Livro revela que militares tiveram um papel importante para desmontar o plano golpista do ex-presidente americano
Em 6 de janeiro deste ano, a democracia dos Estados Unidos viveu um dos seus momentos mais dramáticos, quando milhares de extremistas incitados pelo ex-presidente Donald Trump invadiram o Capitólio em Washington, tentando impedir que o Congresso confirmasse a vitória eleitoral de Joe Biden. Essas imagens foram acompanhadas por todo o mundo. O que não se sabia é o que acaba de ser revelado pelos militares: eles fizeram todo o possível para esvaziar a rebelião e garantir uma transição pacífica de poderes. A informação veio à tona por meio do ex-chefe do Estado-Maior Conjunto dos EUA, general Mark Milley, em depoimento aos repórteres Carol Leonnig e Philip Rucker, do jornal “The Washington Post”. Os jornalistas lançaram na terça-feira, 20, um livro detalhado e contundente sobre o último ano de Trump na presidência, “Só Eu Posso Resolver Isso – O Catastrófico Ano Final de Donald J. Trump” (I alone can fix it – Donald J. Trump’s Catastrophic Final Year).
Leonnig e Rucker entrevistaram mais de 400 pessoas para escrever o livro. A narrativa mostrou, para alívio dos defensores da democracia, que nos EUA os militares permanecem leais à Constituição e ao Estado de Direito, e não ao presidente.

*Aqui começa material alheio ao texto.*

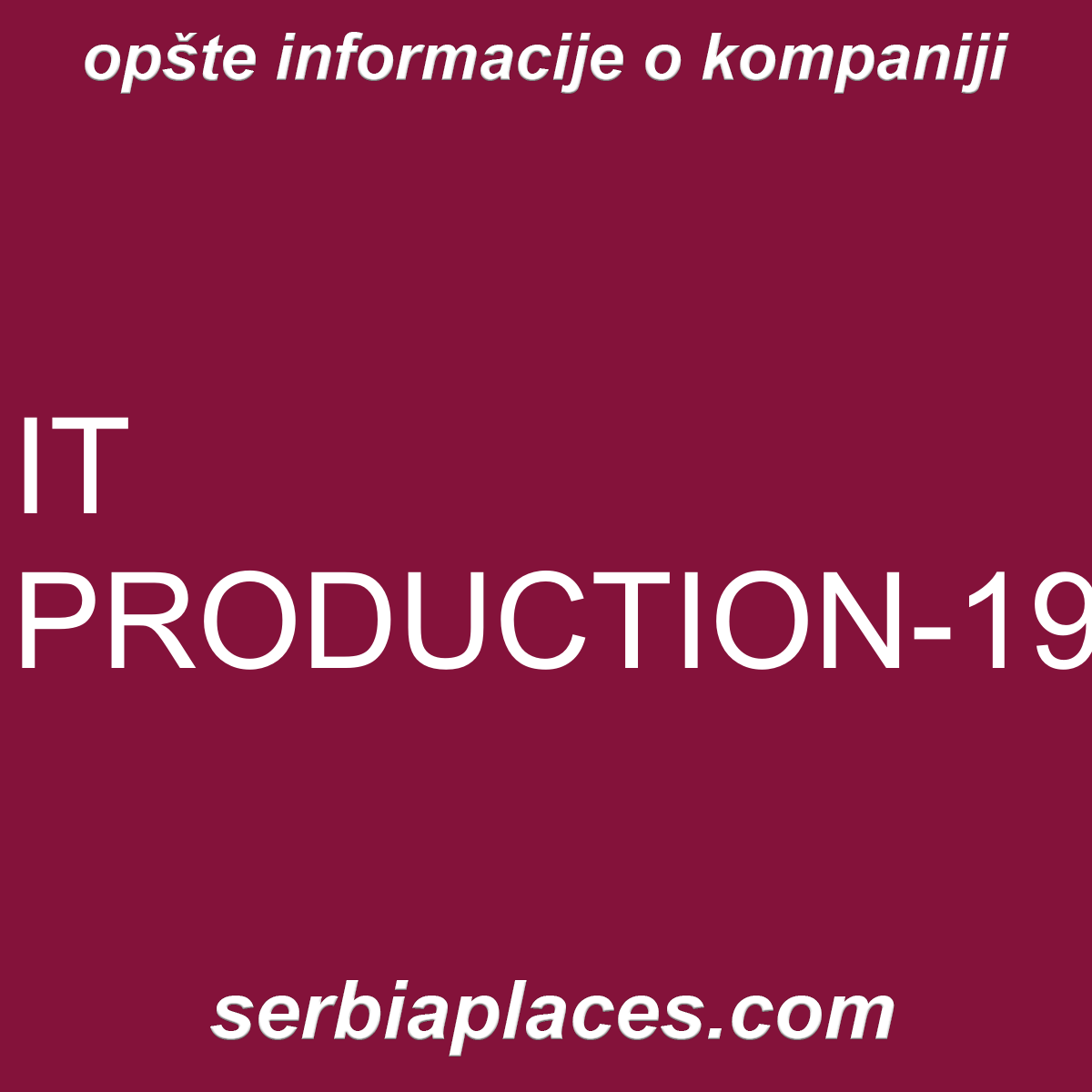 IT PRODUCTION-19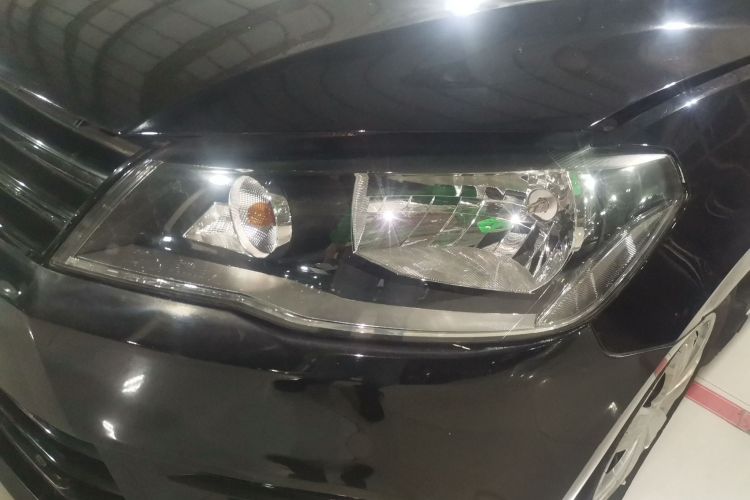 大众 捷达 2015款 质惠版 1.4L 手动时尚型局部细节36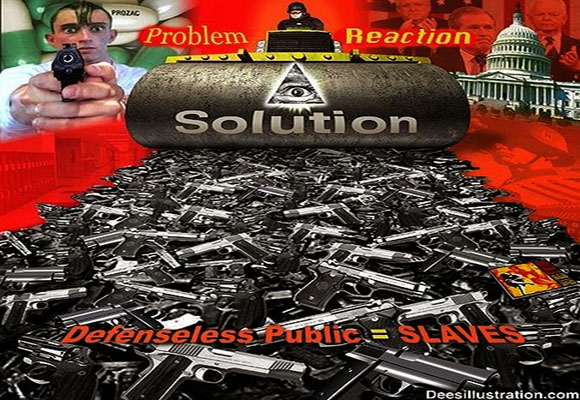 11 Signs of a False Flag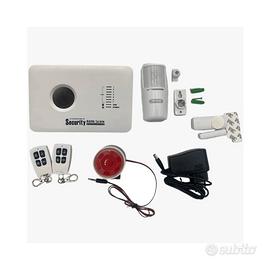 Sistema di allarme Domestico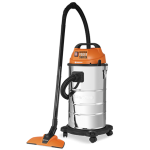 Прахосмукачка за сухо и мокро почистване 40литра 1200W DAVC90-40L DAEWOO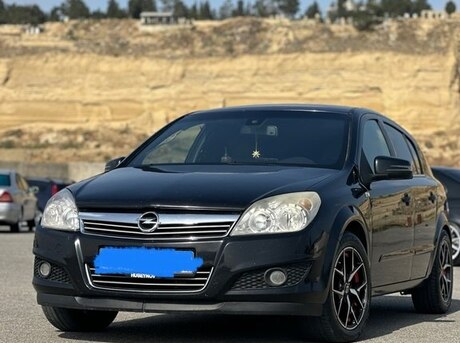 Opel Astra 2008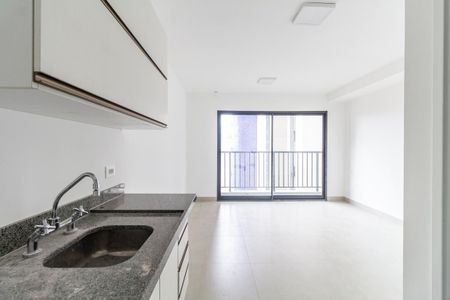 Studio para alugar com 24m², 1 quarto e sem vaga Studio para alugar com 24m², 1 quarto e sem vagaStudio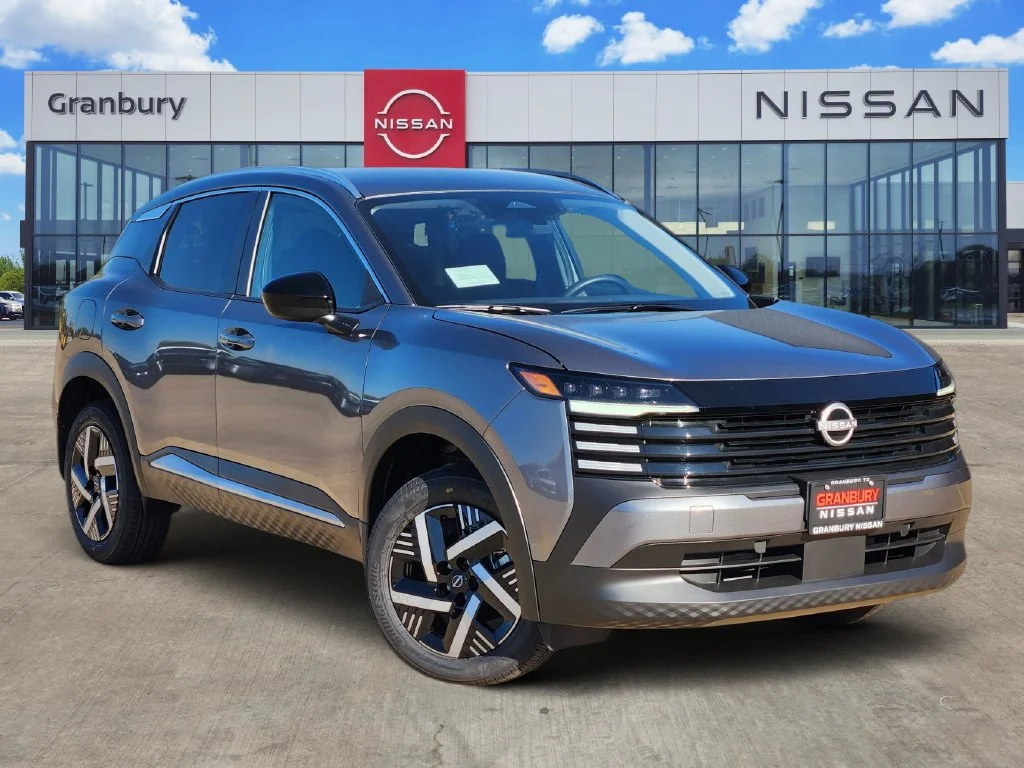 2027 Nissan KICKS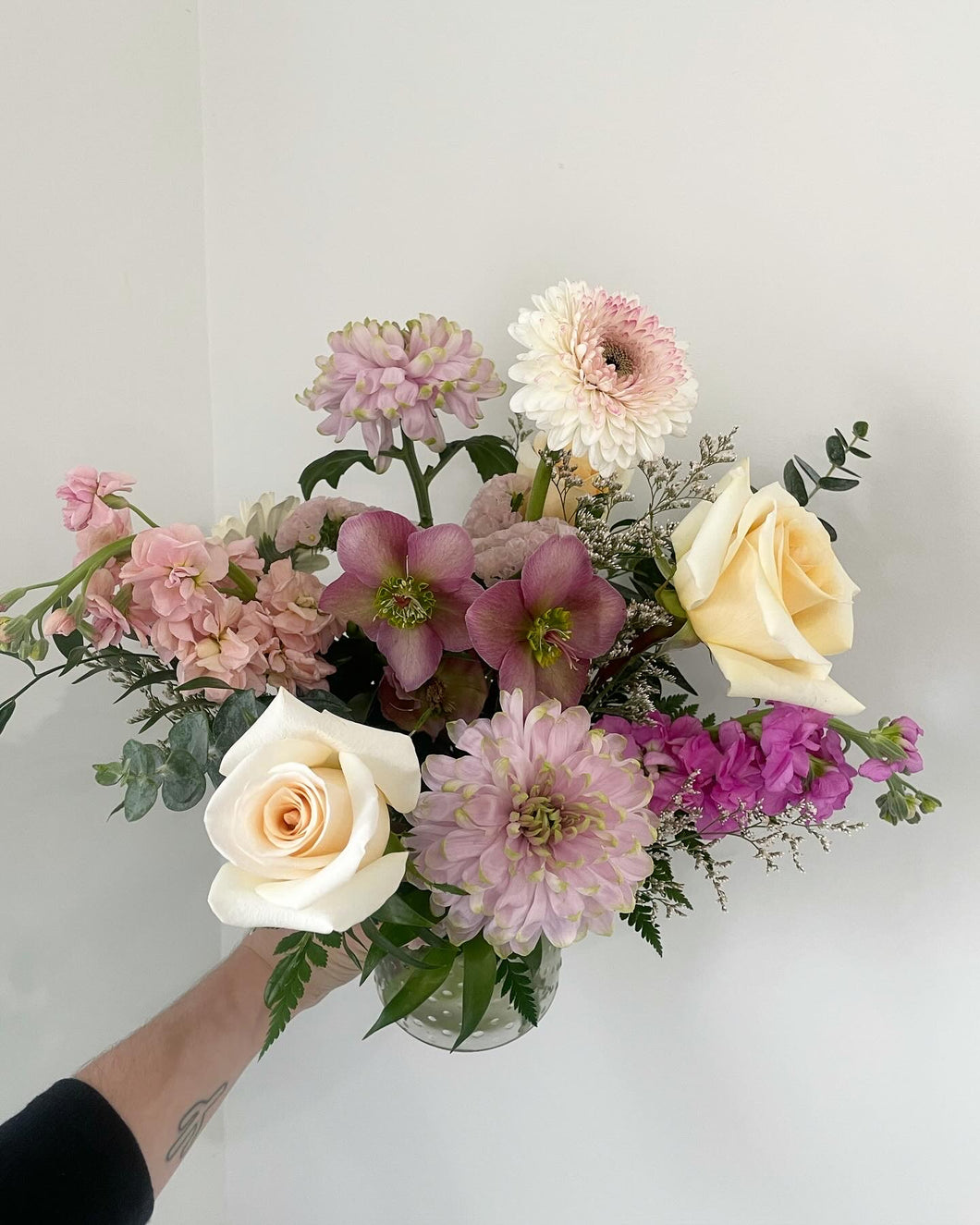 Vase Arrangement (Mother's Day Pre-Order)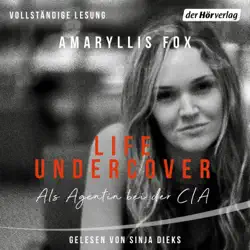 life undercover audiobook cover image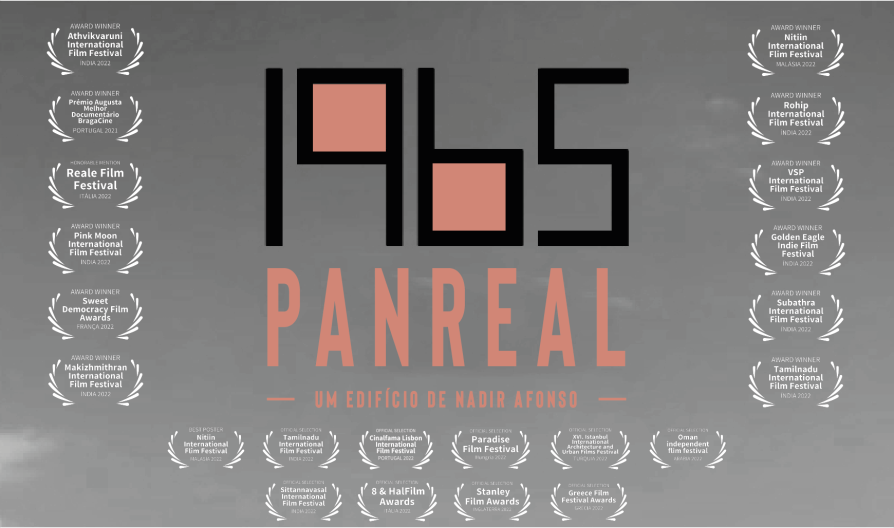 Apresentação de Filme Documental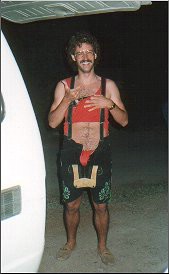 Verdammt alte Bilder aus den wilden Zeiten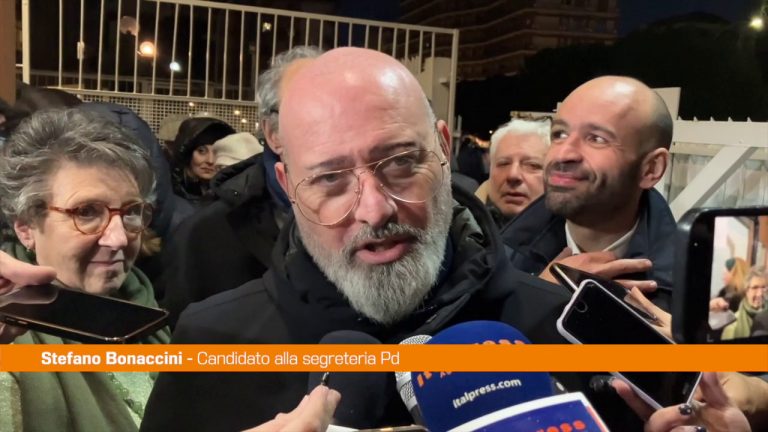 Pd, Bonaccini “Serve un partito laburista, ma nessun cambio di nome”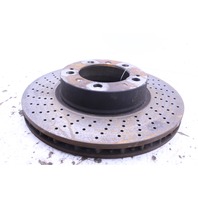 2001 Porsche 911 996 Brake Rotor Right Front OEM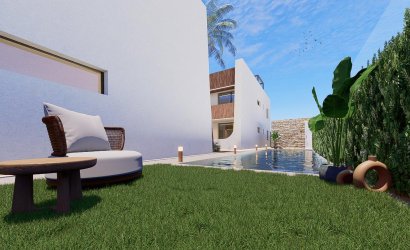 New Build - Bungalow -
San Pedro del Pinatar - Centro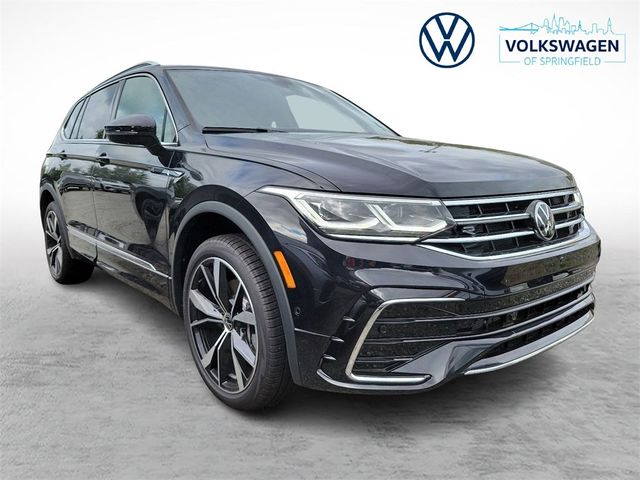 2024 Volkswagen Tiguan SEL R-Line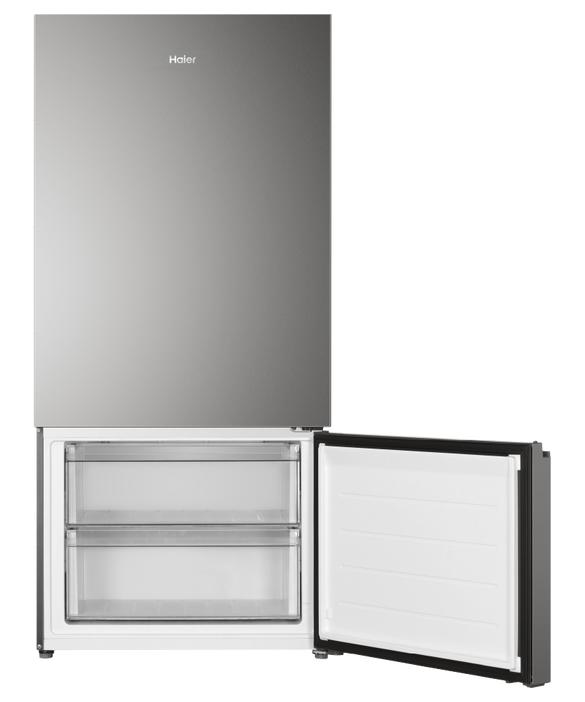 Buy Factory second Haier 517 L Bottom Mount Refrigerator – HRF510BS (Satina) |  | [product_variant] | Second Hand Appliances Geebung Brisbane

Alertado pelo então secretário do Exército, Ryan D. McCarty, de que 25 mil invasores agressivos estavam no Capitólio, Milley pediu a intervenção de 8 mil policiais de Washington para que expulsassem os extremistas. O general também convocou a Guarda Nacional do Distrito de Colúmbia e dos Estados vizinhos. Milley, um estudioso de história, comparou os eventos de 6 de janeiro ao nazismo. “No Pentágono, o general Mark Milley assistia à TV, profundamente perturbado com a retórica. Ele via paralelos entre as posições de Trump sobre fraude eleitoral e a insistência de Adolf Hitler junto aos seus seguidores no congresso nazista em Nuremberg, de que era uma vítima e também o salvador da multidão”, conta trecho do capítulo 2. “Este é um momento Reichstag. O evangelho de Hitler”, disse Milley aos colegas de farda. Após o Congresso americano ser desocupado, o general afirmou que Biden tomaria posse, como era o desejo das urnas: “A transição de poder será pacífica em 20 de janeiro, venham os céus ou o inferno”.
“Os insurgentes invadiram o Capitólio e ficou claro que eles procuravam o vice-presidente. Alguns gritavam: enforquem Mike Pence. Enquanto isso, Trump escrevia no Twitter: Mike Pence não teve a coragem de fazer o que deveria ter sido feito” Trecho do capítulo 2 do livro
Sua ação foi decisiva não apenas no dia da invasão do Capitólio. No dia 14, Milley coordenou uma manobra militar em preparação para a posse de Biden e deixou claro para os outros militares a sua visão sobre Trump e os extremistas republicanos: “Caros, é o seguinte: estes sujeitos são nazistas, são os Proud Boys. Eles são a mesma gente contra quem nós lutamos na 2ª Guerra Mundial”, disse. A atitude de Milley era um problema para o ex-presidente. Em um comunicado, Trump respondeu que não tentou dar um golpe de Estado, mas que se tivesse tentado, “não o faria com o general Milley”.
Lealdade à Constituição
“Trump tentou dar um golpe político, não um golpe militar. Foi um fato grave nos EUA. Houve uma insurreição. Os militares têm uma noção muito forte do seu papel institucional. A moldura mental do militar americano não envolve a política interna”, disse à ISTOÉ Hussein Kalout, cientista político da Universidade de Harvard. Kalout diz que Trump também tentou instrumentalizar o Judiciário, sem sucesso. Além dos militares, o ex-vice-presidente Mike Pence e o senador Mitch McConnell, então líder republicano do Senado, também emergem no livro como personagens que resistiram às pressões de Trump. Pence refugiou-se nos subterrâneos do Capitólio em 6 de janeiro, aguardou a multidão ser expulsa, e mais tarde liderou a confirmação de Biden.
Passados mais de seis meses desse episódio, surpreende que Trump mantenha grande controle sobre o Partido Republicano, ainda que tenha caído em descrédito e sua voz tenha praticamente sumido pelo banimento imposto pelas redes sociais. Mas é reconfortante atestar que os militares tiveram um papel decisivo para manter a ordem constitucional, mesmo diante de um levante populista. Isso levanta uma questão significativa para o Brasil: aqui, os fardados demonstrariam o mesmo respeito à democracia?